À procura da felicidade 
(The Pursuit of Happyness -EUA - 2006)

por João Solimeo

 

Quem foi ao cinema nos últimos meses sem dúvida viu o trailer de "À procura da Felicidade", constantemente exibido antes do filme principal. Não era necessário ser nenhum gênio para saber duas coisas: 1- a trama era claramente previsível e 2 - era um filme feito para fazer a platéia chorar. O que não dava para perceber era que, mesmo levando-se em conta "1" e "2", o filme era bem melhor do que prometia ser. Sim, "À Procura da Felicidade" é tão previsível quanto um filme da série "Rocky" (que, curiosamente, está de volta aos cinemas) e tão manipulador nas emoções quanto, mas (assim como Rocky) é um bom filme. O principal mérito está nas interpretações não só de Will Smith e de seu filho (também na vida real) Christopher, mas de todos os coadjuvantes. Thandie Newton, em especial, está surpreendente, apesar do papel um tanto quanto maniqueísta da esposa que só reclama.

 

Chris Gardner (Will Smith) é um vendedor que está passando por dificuldades financeiras. Não só ele, aliás. É o ano de 1981 e, em um anúncio na TV, o próprio presidente Reagan diz que as coisas vão mal. Chris passa o dia andando por São Francisco tentando vender um aparelho médico que aparentemente ninguém quer, mas é tudo o que ele tem para vender. Seu filho pequeno passa o dia em uma creche administrada por imigrantes chineses que nem sabem escrever a palavra "happiness" direito (por isso o "Y" do título original). A esposa Linda (Thandie Newton, de Missão Impossível II) tem que fazer dois turnos em uma lavanderia e já passou do seu limite de frustrações com a vida que está levando.

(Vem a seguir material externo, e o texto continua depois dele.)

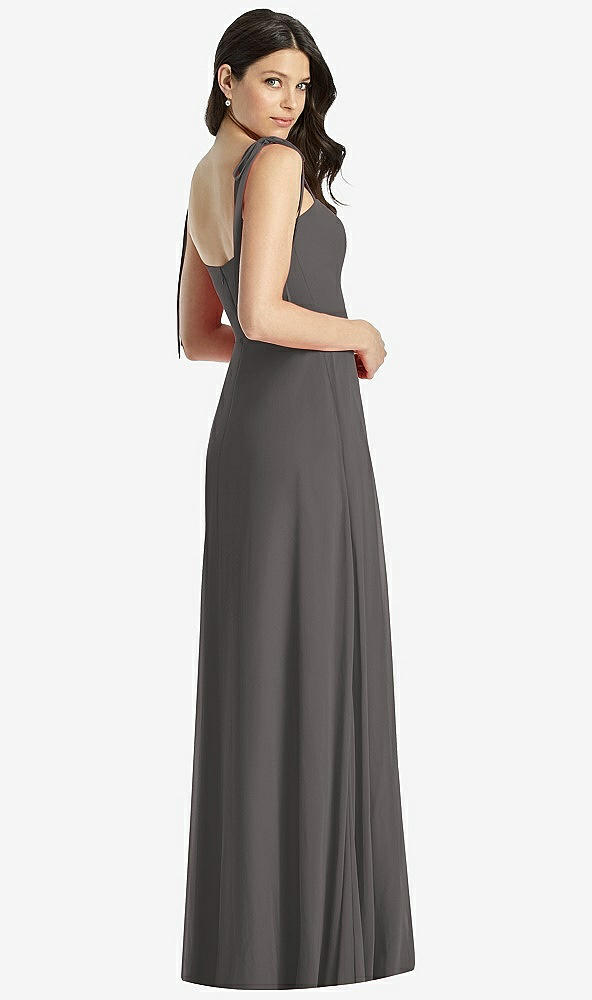 Back View - Caviar Gray Tie-Shoulder Chiffon Maxi Dress with Front Slit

Mas Chris é um "lutador", no sentido mais americano da palavra, que prega que se você batalhar na vida você pode ter sua parte no "sonho americano". Um dia Chris está passando em frente a uma empresa de finanças e tem uma inspiração: ele vai tentar ser um corretor. Com a educação pouco passando do nível do segundo grau, ele tem a seu favor um dom nato para a matemática e uma determinação sem limites. Mas tudo parece conspirar contra ele. A esposa o abandona com o filho pequeno, o aluguel venceu e os dois ficam pulando de hotel mais barato a outro para poder passar a noite, recorrendo finalmente aos abrigos para "sem teto" de São Francisco. Enquanto isso, Chris batalha para freqüentar um duro, e voluntário (sem pagamento), treinamento para estagiários da empresa.

 

É claro que as dificuldades serão muitas. É claro que os dois vão passar por situações de apertar o coração ao som de uma trilha sonora emocionante. Mas o roteiro de Steve Conrad e a direção de Grabriele Muccino conseguem manter o filme quase o tempo todo acima do nível de uma produção daquelas feitas direto para a televisão. A recriação de época é bastante bem feita e a interpretação de Will Smith (indicado ao Oscar de Melhor Ator) conseguem manter a platéia torcendo pelo personagem pelas duas horas de projeção.

 

Sabemos como o filme vai terminar. Mas quando o momento chega a cena é tão bem feita e sutil que a mágica funciona e podemos escutar as lágrimas caindo por todo o cinema.